- Instructions for the task: Transcribe the data that follows. Match it character for character.

- Collected material:
·····
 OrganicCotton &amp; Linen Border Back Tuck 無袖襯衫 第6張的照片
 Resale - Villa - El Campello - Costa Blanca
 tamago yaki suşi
·····
- Finished task:
 OrganicCotton &amp; Linen Border Back Tuck 無袖襯衫 第6張的照片
 Resale - Villa - El Campello - Costa Blanca
 tamago yaki suşi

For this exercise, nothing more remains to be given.